2.8. Scoring and visualization

The compounds that were drug-like and non-toxic were rescored using X-score (Wang et al., 2002). X-score uses three different empirical scoring functions viz. HPScore (Hydrophobic Pair), HMScore (Hydrophobic Match), and HSScore (Hydrophobic surface). VDW, H-Bond, RT denotes Van der Waals interaction, Hydrogen bonding, rotatable bonds respectively. They can be written as -:

HPScore =C0.1+ CVDW.1*(VDW) + CHB.1*(HBond) + CHP*(Hydrophobic Pair) + CRT.1*(Rotor)HMScore= C0.2+ CVDW.2*(VDW) + CHB.2*(HBond) + CHM*(Hydrophobic Match) + CRT.2*(Rotor)HSScore= C0.3+ CVDW.3*(VDW) + CHB.3*(HBond) + CHS*(Hydrophobic surface) + CRT.3*(Rotor)XScore= (HPScore + HMScore + HSScore)/3

PyMOL, a molecular viewer (Yuan et al., 2017) was used to visualize the docked pose of hit compounds at the active site of Mpro. Further other interactions along with hydrogen bonds were studied by DS Visualizer.

2.9. MD Simulation

The MD Simulation study of Mpro and screened ligand-protein complexes was performed using GROMACS 5.0 (Pronk et al., 2013) package of Molecular Dynamics as described in a publication (Joshi, Sharma, et al., 2020). MD Simulation was performed on a work station with configuration Ubuntu 16.04 LTS 64-bit, 8GB RAM, Intel®CoreTM i7-9900K CPU, and 6 GB GPU. Four systems were created, one for predicting the stability of the Mpro-X77 complex and others for Mpro-ligand complexes and subjected for 100 ns MD Simulation studies. The topology file for ligand and protein was generated by using CGenFF server and pdb2gmx respectively by applying CHARMM 36 force field (Vanommeslaeghe et al., 2009). After that, a water solvated system was built by using the water model of TIP3P with dodecahedral periodic boundary conditions having box vectors of equal length 9.81 nm. The solutes were centered in the simulation box with a minimum distance to the box edge of 10 Å (1.0 nm). After defining the box, all the systems were solvated using the TIP3P water model in a dodecahedral box. Each solvated system was neutralized by the addition of 4 Na + ions. Energy minimization was done at 10 KJ/mol with steepest descent Algorithm by using Verlet cut off-scheme taking Particle Mesh Edward (PME) columbic interactions and the total nsteps taken by all systems during energy minimization cycle were 50,000. After that, position restraints were applied in the equilibration step. Then, NVT equilibration was done in 300 K and 5000 ps of steps and NPT equilibration taking Parrinello-Rahman (pressure coupling), 1 bar reference pressure, and 5000 ps of steps. At last, the production MD of the protein and protein-ligand complex was run for 100 ns. All the MD Simulations were performed with a time step interval of 2 fs. After successful completion of MD Simulation for 100 ns, the Root mean square deviation (RMSD), Root mean square fluctuation (RMSF), and Radius of Gyration (Rg) were calculated using g_rms, g_rmsf, g_gyrate, tools of GROMACS 5.0.7.

2.10. Post-MD simulation

After successful completion of MD Simulation for 100 ns, we computed the numbers of H-bonds, solvent accessible surface area (SASA), and the average distance between protein and ligand to quantify the strength of the interaction between protein-ligand complexes. The numbers of H-bonds, SASA, and average distance were calculated by g_hbond, g_sasa, g_dist tool of GROMACS 5.0.7. Further, Principal component analysis (PCA) was carried out by g_covar, g_anaeig, and g_sham tools. The MD trajectories were analyzed by visual molecular dynamics (VMD) software. Finally, the xmgrace tool was used for generating and visualizing the plots.

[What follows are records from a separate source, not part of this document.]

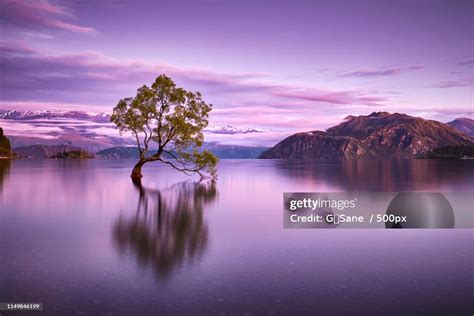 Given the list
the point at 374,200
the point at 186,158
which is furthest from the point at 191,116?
the point at 374,200

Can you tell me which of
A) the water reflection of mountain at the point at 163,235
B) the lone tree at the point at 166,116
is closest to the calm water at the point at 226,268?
the water reflection of mountain at the point at 163,235

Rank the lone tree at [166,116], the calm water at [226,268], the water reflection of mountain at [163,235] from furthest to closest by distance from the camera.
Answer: the lone tree at [166,116], the water reflection of mountain at [163,235], the calm water at [226,268]

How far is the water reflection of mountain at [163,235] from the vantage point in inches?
696

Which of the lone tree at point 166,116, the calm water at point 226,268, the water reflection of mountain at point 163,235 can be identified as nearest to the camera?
the calm water at point 226,268

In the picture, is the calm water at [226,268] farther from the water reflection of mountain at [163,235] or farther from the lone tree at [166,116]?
the lone tree at [166,116]

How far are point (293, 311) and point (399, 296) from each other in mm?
4129

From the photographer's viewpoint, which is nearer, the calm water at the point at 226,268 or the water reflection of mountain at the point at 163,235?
the calm water at the point at 226,268

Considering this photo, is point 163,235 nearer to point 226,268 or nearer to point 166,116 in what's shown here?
point 226,268

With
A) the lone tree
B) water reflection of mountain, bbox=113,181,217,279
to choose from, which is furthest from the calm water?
the lone tree

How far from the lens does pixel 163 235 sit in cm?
2319

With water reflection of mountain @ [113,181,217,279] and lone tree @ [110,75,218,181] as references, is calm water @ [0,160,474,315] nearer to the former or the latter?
water reflection of mountain @ [113,181,217,279]

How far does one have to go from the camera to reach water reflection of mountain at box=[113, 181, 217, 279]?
1769 cm

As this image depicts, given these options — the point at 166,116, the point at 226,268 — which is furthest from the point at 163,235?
the point at 166,116

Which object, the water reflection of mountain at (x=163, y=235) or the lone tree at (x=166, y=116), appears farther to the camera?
the lone tree at (x=166, y=116) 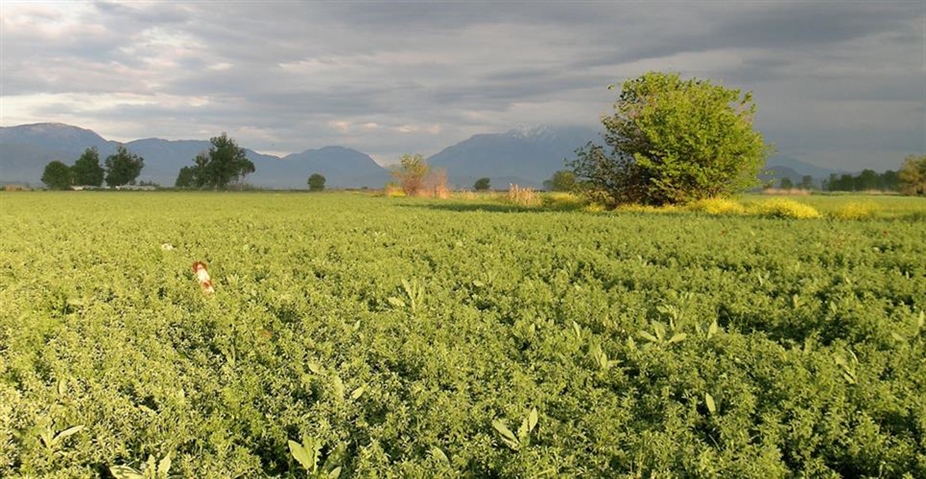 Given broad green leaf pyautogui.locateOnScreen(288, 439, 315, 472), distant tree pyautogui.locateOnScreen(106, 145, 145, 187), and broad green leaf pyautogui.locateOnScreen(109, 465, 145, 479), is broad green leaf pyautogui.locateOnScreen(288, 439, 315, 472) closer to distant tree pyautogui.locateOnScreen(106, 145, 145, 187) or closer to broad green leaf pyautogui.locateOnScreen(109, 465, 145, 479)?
broad green leaf pyautogui.locateOnScreen(109, 465, 145, 479)

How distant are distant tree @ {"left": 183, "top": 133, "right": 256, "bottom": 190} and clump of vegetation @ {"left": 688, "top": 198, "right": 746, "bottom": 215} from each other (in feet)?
312

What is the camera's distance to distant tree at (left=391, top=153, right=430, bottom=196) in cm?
5272

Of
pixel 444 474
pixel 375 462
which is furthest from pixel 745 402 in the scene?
pixel 375 462

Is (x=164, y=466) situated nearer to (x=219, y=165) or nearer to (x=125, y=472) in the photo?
(x=125, y=472)

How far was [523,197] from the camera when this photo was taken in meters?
36.0

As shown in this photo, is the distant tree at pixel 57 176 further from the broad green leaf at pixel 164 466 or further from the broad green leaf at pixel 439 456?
the broad green leaf at pixel 439 456

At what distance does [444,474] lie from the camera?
3.55 m

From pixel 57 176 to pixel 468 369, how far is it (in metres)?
121

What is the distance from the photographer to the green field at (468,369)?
376cm

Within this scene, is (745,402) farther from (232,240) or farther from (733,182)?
(733,182)

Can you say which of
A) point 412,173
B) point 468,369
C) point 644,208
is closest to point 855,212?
point 644,208

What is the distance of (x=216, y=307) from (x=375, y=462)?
13.4 feet

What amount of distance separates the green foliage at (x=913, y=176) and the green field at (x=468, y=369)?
6293 cm

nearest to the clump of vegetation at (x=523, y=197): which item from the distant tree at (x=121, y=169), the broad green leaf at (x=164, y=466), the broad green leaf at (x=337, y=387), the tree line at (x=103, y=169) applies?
the broad green leaf at (x=337, y=387) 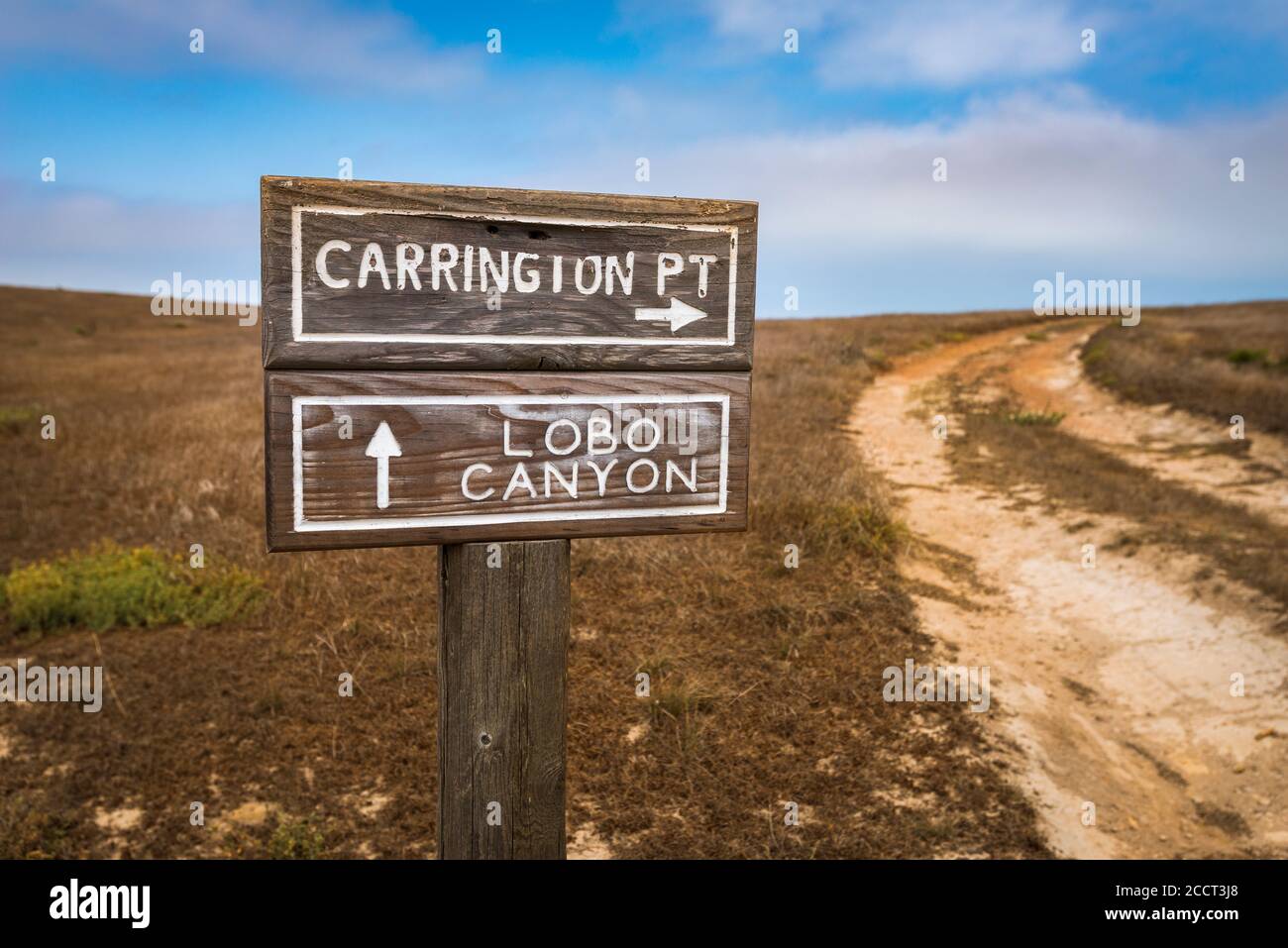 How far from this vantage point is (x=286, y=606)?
7199 mm

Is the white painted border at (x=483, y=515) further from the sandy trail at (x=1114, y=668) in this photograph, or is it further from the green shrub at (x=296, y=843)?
the sandy trail at (x=1114, y=668)

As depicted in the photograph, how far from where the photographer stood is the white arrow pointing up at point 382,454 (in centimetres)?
249

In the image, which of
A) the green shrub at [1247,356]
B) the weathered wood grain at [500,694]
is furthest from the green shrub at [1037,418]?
the weathered wood grain at [500,694]

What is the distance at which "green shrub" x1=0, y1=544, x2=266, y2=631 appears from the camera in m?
7.09

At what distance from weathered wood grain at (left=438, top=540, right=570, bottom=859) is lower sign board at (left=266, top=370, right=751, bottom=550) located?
0.12m

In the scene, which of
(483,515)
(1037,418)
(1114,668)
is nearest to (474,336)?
(483,515)

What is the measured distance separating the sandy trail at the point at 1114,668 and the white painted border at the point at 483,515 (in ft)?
10.3

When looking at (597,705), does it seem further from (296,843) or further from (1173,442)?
(1173,442)

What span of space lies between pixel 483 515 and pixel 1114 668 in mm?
6113

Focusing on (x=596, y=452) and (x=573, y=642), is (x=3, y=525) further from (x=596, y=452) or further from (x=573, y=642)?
(x=596, y=452)

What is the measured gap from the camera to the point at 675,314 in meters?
2.73

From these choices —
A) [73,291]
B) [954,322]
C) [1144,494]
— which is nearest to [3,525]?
[1144,494]

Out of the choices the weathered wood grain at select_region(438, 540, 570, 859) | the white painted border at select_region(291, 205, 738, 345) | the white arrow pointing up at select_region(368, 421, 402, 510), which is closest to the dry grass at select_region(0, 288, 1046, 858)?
the weathered wood grain at select_region(438, 540, 570, 859) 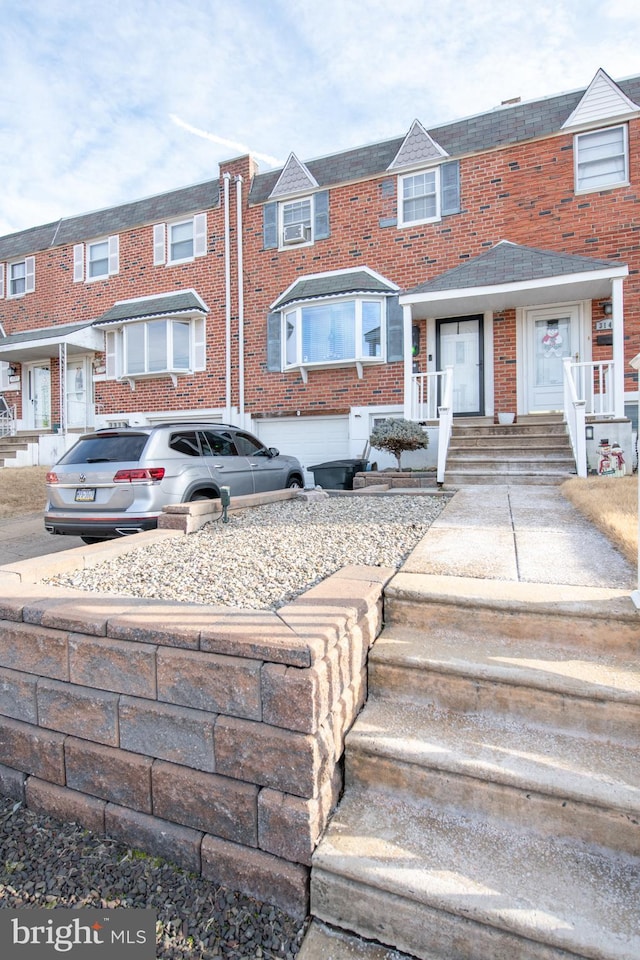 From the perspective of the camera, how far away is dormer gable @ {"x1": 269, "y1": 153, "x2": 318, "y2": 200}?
1226 cm

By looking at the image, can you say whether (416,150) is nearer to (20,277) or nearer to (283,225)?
(283,225)

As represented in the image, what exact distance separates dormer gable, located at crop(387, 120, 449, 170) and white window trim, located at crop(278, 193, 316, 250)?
6.51 feet

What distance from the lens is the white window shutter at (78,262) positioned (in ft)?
49.9

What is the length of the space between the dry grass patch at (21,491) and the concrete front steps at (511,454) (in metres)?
7.59

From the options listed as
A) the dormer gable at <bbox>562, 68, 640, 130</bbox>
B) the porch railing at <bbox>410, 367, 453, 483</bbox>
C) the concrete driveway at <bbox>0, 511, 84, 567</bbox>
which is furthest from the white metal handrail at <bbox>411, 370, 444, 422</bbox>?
the concrete driveway at <bbox>0, 511, 84, 567</bbox>

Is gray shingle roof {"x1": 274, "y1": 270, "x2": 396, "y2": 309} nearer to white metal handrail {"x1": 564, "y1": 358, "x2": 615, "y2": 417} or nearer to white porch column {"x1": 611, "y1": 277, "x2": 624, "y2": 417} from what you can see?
white porch column {"x1": 611, "y1": 277, "x2": 624, "y2": 417}

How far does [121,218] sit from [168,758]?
16104 mm

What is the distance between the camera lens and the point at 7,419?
52.5 feet

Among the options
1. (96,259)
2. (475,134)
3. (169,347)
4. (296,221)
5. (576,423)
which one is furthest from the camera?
(96,259)

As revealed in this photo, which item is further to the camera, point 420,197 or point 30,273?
point 30,273

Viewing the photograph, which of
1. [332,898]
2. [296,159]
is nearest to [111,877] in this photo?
[332,898]

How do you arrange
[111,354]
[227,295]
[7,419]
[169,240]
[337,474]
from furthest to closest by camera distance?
[7,419]
[111,354]
[169,240]
[227,295]
[337,474]

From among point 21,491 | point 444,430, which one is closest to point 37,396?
point 21,491

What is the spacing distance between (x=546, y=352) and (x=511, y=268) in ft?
6.45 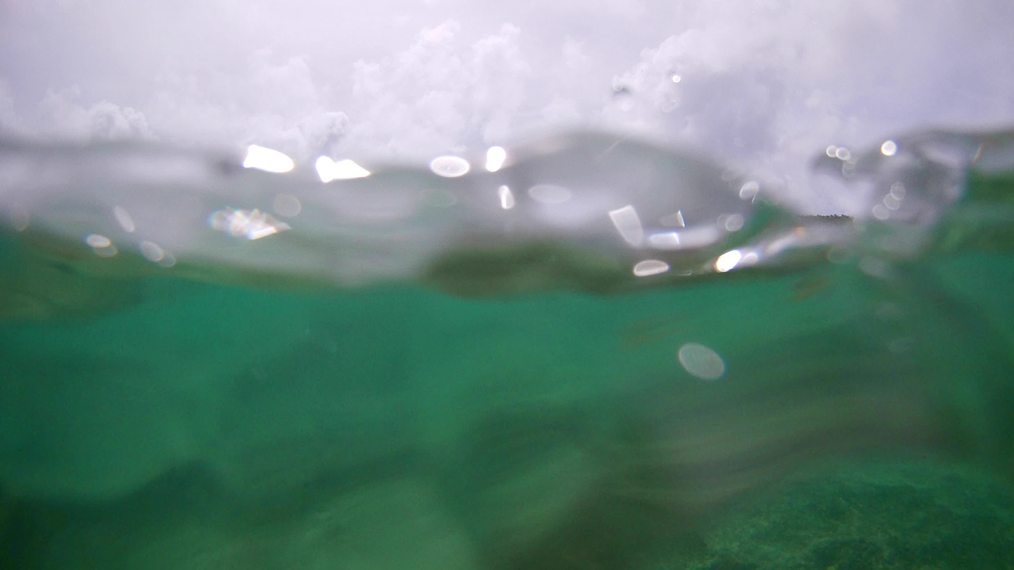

2.11. Binding free energy calculation using MM-PBSA

MMPBSA (Molecular Mechanics Poisson-Boltzmann surface area) method is widely used to calculate the binding free energy to predict the stability of the protein-ligand complex after MD Simulation (Kumari et al., 2014). Binding free energy calculations consist of free solvation energy (polar and non-polar solvation energies) and potential energy (electrostatic and Vander Waals interactions). Here, binding free energy calculations of protein-ligand complexes were done by the MMPBSA method. The MD trajectories were processed before doing MM-PBSA calculations for the last 10 ns. Then average binding energy calculations were done with ‘python’ script provided in g_mmpbsa.

3. Results and discussion

3.1. Predictive modeling and virtual screening

The interrelations between IC50 values and molecular fingerprints were modeled by a deep learning algorithm to build a predictive model. To develop the best model, several hyperparameters were manually optimized and statistical parameters were analyzed. Finally, the best model was achieved with learning rate 0.01, Epochs 80, batch size 16, hidden layers 3, number of neuron 1200, 1000, and 800, activation function ReLU, Drop out 0, and output function sigmoid. The best model showed the acceptable range of statistical parameters like R2, MSE, RMSE, MAE, and loss and yielded good performance with R2 value (0.83), MSE (1.5), RMSE (1.2) MAE (1.06) and loss (1.5) (Figure 2).

Figure 2.

Figure 2.

Performance of the best deep learning regression model for Mpro enzyme of SARS-CoV.

After that, the deep learning model was subjected to carry out virtual screening on the Selleck-Natural-Product-Library of Selleck database which contains the library of 1611 natural compounds. Virtual screening resulted in 500 hits showing a range of value scores from 6.9 to 3.8 as shown in Figure 3. All the 500 screened natural compounds were retrieved in a single file in SDF format from the server. The single SDF file of 500 compounds was split into individual SDF files by using the“ChemmineR” package of R (version 3.4.3).

Figure 3.

Figure 3.

Screening results of Mpro model against Selleck natural product library.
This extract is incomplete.